Friday, February 3, 2012

Heterodox Economics

In a late December article, The Economist discussed the ways in which three non-mainstream schools of macroeconomic thought suggest handling economic crises.  The three schools were the Austrian school of economics, which counsels inhibition, seeing the short-term suffering as "an inevitable consequence of past excesses"; the neo-chartalist school, which advocates ever-increasing levels of stimulus financed by bonds, paying the bonds off by printing more paper money if necessary; and the "market monetarist" school, which suggests the central bank focus on making sure that the nominal Gross Domestic Product - as opposed to the "real" GDP, which accounts for inflation - grows at a constant rate, thereby keeping the bank's currencies and policies credible and predictable.

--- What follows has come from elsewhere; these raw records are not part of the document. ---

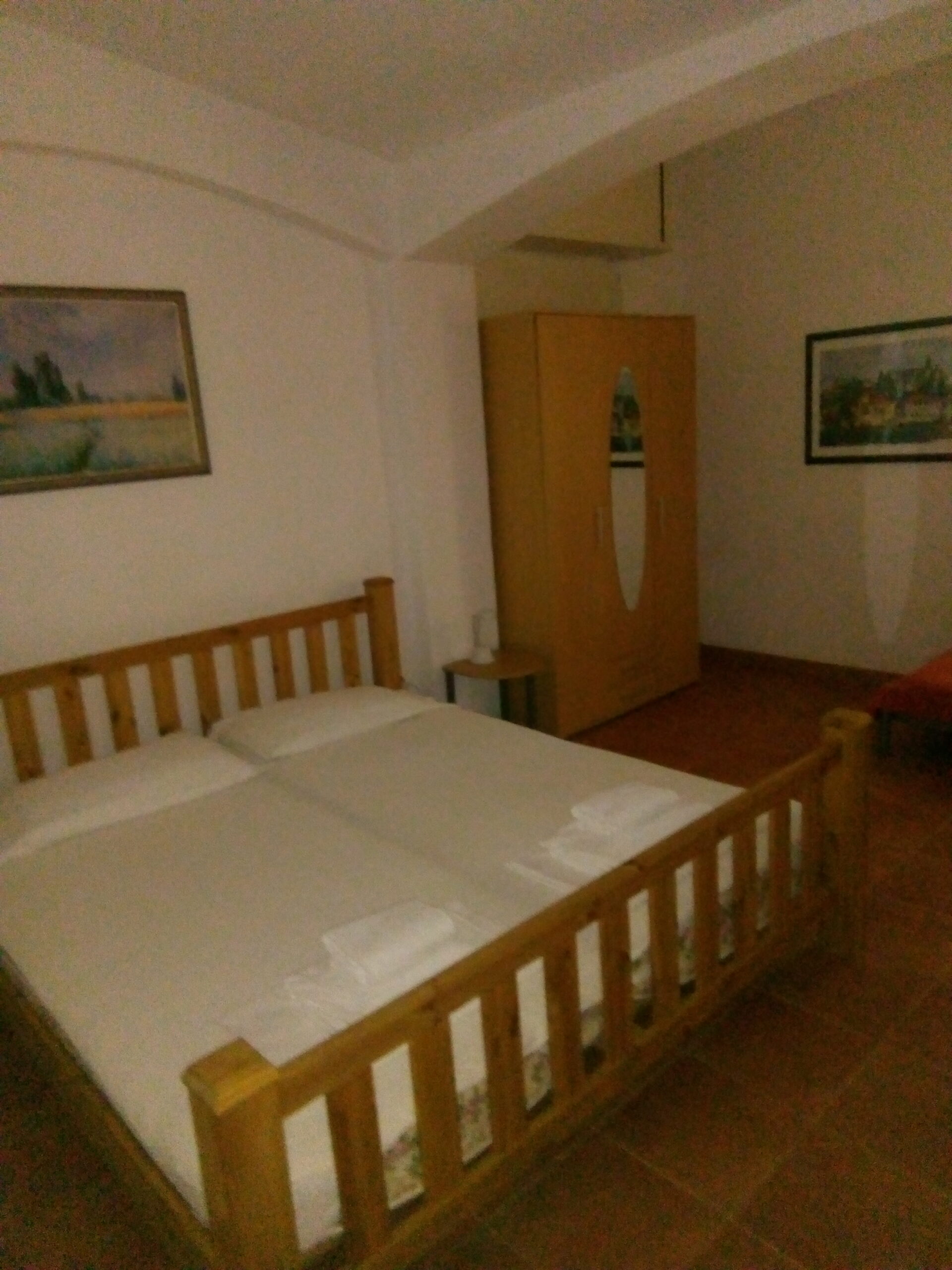Schlafzimmer 1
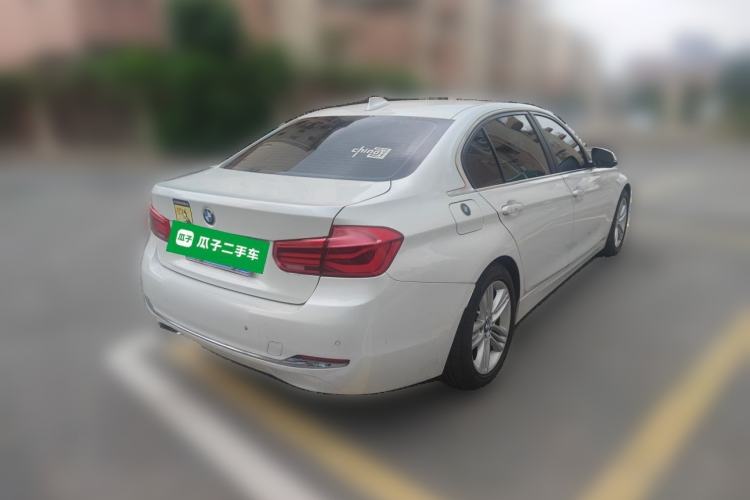 Used BMW 3 Series 2016 320Li Fashion Model Rear Right 45 Deg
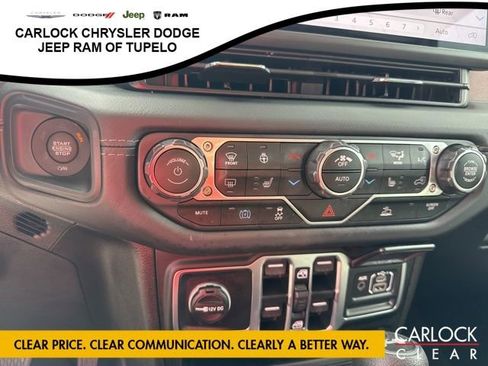 Used 2025 Jeep Wrangler Sahara image 20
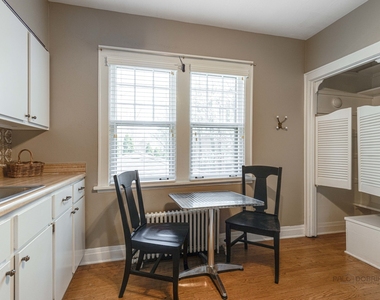 389 E Deerpath Road - Photo Thumbnail 16
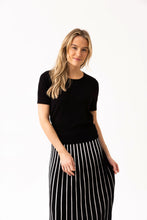 Load image into Gallery viewer, Short Sleeved Sweater
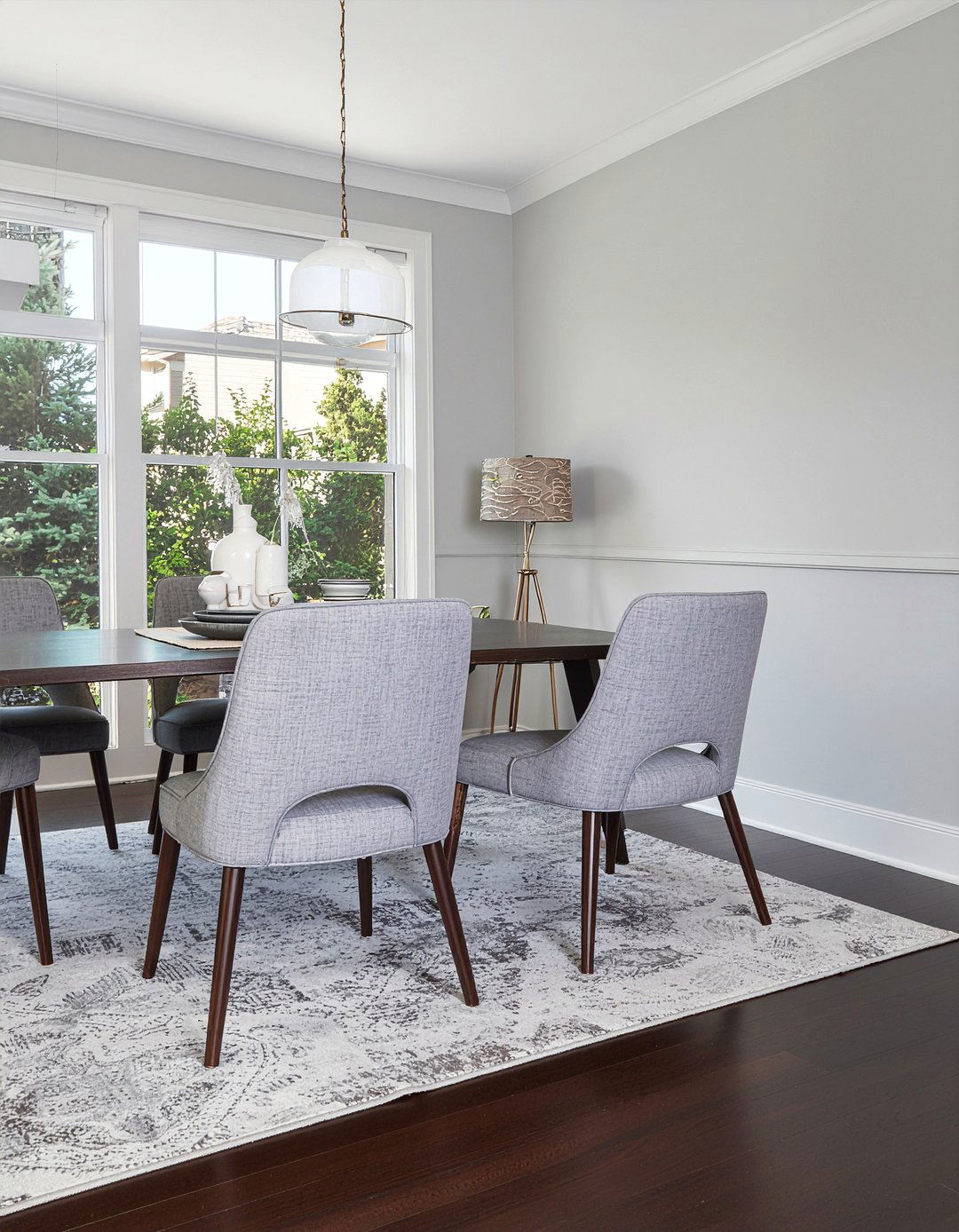 Performance fabric upholstery - 30 family-friendly dining room ideas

This last school of macroeconomics is particularly interesting in that it came about more or less by accident.  The idea was first espoused by Scott Sumner of Bentley University, in Waltham, Massachusetts, in his blog "The Money Illusion", started on the second of February, 2009.  One wouldn't expect a blog post by an unknown economist to induce relatively widespread change and discussion, but although Sumner was self-admittedly not a "natural blogger" his post gathered thoughtful comments and within a month was linked to and discussed by two well-known and respected blogs, from Tyler Cowen of George Mason University and Mr Paul Krugman.  From there, the theories presented by Sumner's blogpost attracted a number of other economists who had similar ideas, many of whom hadn't realized there were others who shared their thoughts.  The name of the movement, "Market Monetarism", was, itself, born from the blogosphere.

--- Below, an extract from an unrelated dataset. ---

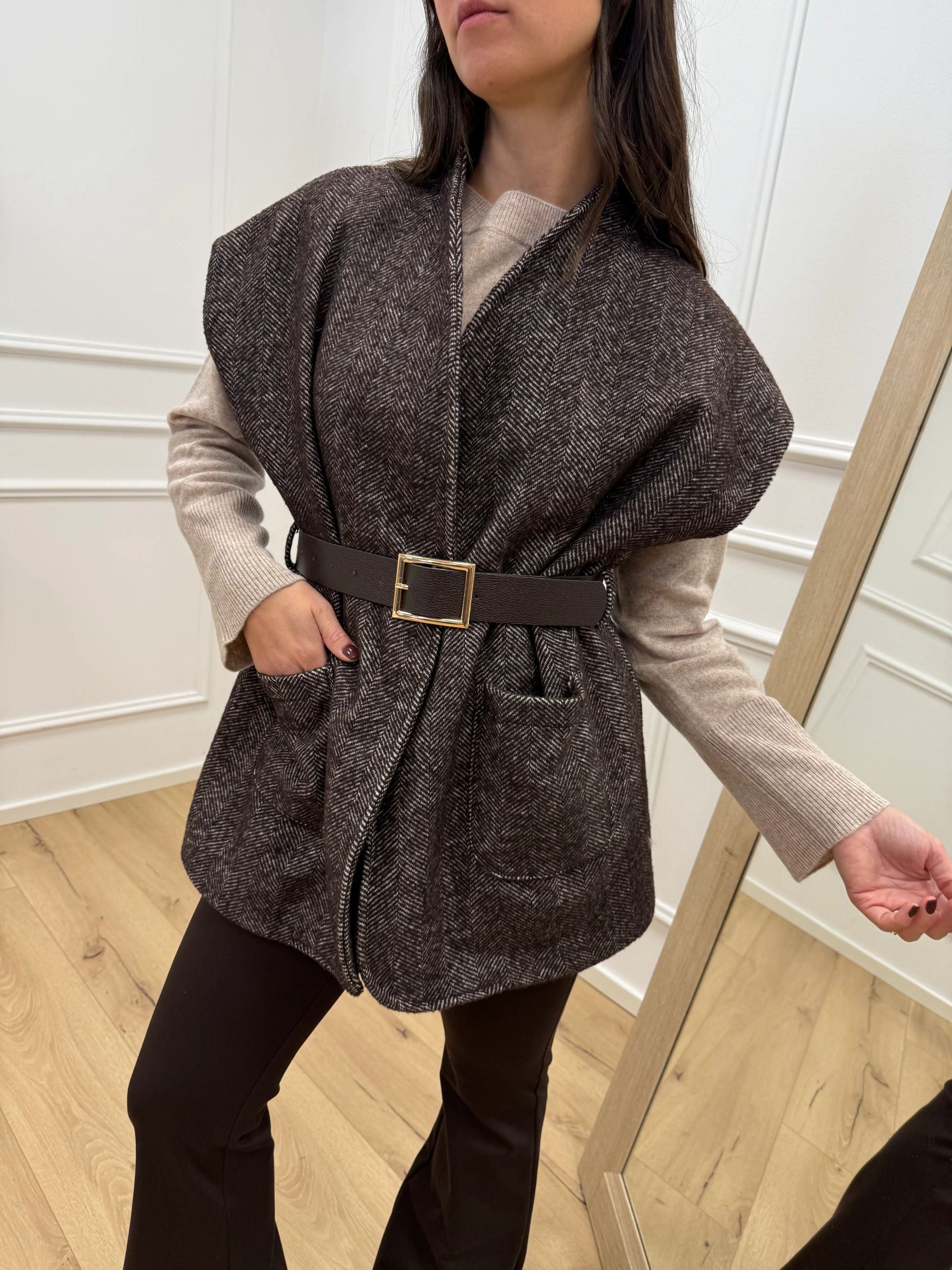 Gilet spigato moro con cintura - HaveOne
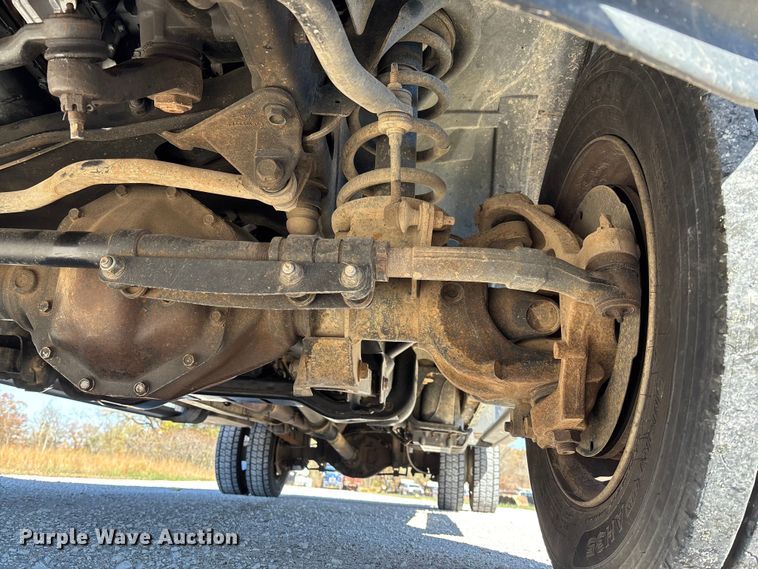 image for item EV3263 2014 RAM 5500 flatbed truck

It's an interesting example of the power of networks in action; the school of thought would have taken far longer to come about through traditional methods of exchanging ideas if it ever did at all.  It's a fascinating demonstration of both the blogosphere's power to allow even relative unknowns to have their voices heard and given honest, serious thought, and the dramatic effects incoming links from highly central nodes have upon previously isolated pages.